Kiedy we wrześniu nowy trener Jordi Fernandez witał swoich zawodników, miał jasny komunikat: graj mocno albo nie graj wcale. Gdy drużyna Brooklyn Nets szukała swojej tożsamości, podczas gdy recepcja szukała kolejnego centralnego elementu franczyzy, pierwszy trener wiedział, że jego zespołowi przede wszystkim zależy na wysiłku i łączności. Dlatego jego sztab wdrożył rygorystyczny program kondycyjny jeszcze przed rozpoczęciem obozu przygotowawczego, upewniając się, że jego zawodnicy będą gotowi.
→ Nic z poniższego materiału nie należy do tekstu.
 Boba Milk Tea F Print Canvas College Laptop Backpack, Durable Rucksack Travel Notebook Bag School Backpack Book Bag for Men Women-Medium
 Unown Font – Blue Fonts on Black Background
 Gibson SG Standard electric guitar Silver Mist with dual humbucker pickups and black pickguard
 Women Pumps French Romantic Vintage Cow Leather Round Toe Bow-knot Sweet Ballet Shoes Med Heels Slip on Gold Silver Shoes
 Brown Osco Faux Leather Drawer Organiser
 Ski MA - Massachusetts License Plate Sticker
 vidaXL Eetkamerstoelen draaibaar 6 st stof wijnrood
„Oczywiście na początku niewygodnie jest grać na pełnym korcie, rozbijać bandy i grać na tak wysokim, wysokim poziomie, o który nas codziennie proszą. Ale sztab trenerski nas na to przygotował” – powiedział niedawno Johnson. „Ponieważ wszyscy mają podstawowe przygotowanie, (Fernandez) może szczerze tego od nas oczekiwać”.
Zanim oficjalnie rozpoczął się obóz, drużyna Fernandeza miała już przewagę. Koncepcje obronne klikały łatwiej. W drużynie Nets pojawiła się inna iskra.
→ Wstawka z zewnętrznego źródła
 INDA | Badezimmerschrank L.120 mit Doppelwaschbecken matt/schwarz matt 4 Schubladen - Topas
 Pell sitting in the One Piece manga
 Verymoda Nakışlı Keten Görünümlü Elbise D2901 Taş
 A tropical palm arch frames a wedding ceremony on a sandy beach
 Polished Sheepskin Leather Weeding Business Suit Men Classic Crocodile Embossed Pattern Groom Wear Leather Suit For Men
Zawsze jest kilka drużyn, które mają solidny start, a następnie wypadają w połowie sezonu. Nets (5-7) nie mają nawet 0,500ale to samo można powiedzieć o większości drużyn Konferencji Wschodniej. Dotarcie do turnieju wstępnego byłoby imponującym wyczynem po tym, jak front office zawarł umowę z Houston w sprawie zwrotu najlepszego wyboru Nets w nadchodzącym drafcie, co stanowi wyraźny sygnał, że franczyza chce wziąć udział w loterii Cooper Flagg.
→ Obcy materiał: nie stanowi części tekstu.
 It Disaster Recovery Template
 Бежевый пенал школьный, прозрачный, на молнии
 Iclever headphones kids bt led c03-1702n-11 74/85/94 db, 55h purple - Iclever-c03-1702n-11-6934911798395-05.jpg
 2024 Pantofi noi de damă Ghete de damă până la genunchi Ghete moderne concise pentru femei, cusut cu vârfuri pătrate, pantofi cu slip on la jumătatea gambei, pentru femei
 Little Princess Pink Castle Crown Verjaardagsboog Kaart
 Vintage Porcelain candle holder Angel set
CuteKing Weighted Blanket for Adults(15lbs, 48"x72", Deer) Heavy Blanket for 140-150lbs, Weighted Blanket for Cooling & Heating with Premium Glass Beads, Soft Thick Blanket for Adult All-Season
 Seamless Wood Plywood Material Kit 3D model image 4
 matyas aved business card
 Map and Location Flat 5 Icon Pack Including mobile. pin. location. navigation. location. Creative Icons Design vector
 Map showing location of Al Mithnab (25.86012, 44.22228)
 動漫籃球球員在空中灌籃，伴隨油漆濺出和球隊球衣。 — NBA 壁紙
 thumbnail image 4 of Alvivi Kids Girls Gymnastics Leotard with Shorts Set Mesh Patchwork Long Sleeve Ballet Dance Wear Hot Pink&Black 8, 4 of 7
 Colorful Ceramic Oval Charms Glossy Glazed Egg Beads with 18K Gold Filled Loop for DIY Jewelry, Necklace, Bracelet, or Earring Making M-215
Wielu analityków, a nawet Vegas, uznało ich za najgorszą drużynę w NBA. Jednak odnajdują się uplasował się na szóstym miejscu kilka tygodni po rozpoczęciu sezonu. Nets to jedna z najlepiej zorganizowanych drużyn w lidze, pomimo wątpliwości nawet najbardziej wyważonych krytyków.
„To nie ma znaczenia. To nie ma na nas wpływu. To po prostu ktoś, kto coś mówi” – powiedział Ben Simmons. „Więc jeśli nie są z nami na siłowni i nie dyktujemy, co się dzieje, jest to po prostu ktoś, kto coś mówi. Nie mogę tego znieść w żaden sposób. Włożyliśmy dużo pracy i mocno gramy. Tak się dzieje, gdy ciężko pracujesz, dobrze się bawisz i z dnia na dzień stajesz się lepszy. Stajesz się lepszy.
Zaczęło się od obrony, gdzie Nets grają na sznurku. Niewiele drużyn w lidze jest obecnie tak połączonych w defensywie.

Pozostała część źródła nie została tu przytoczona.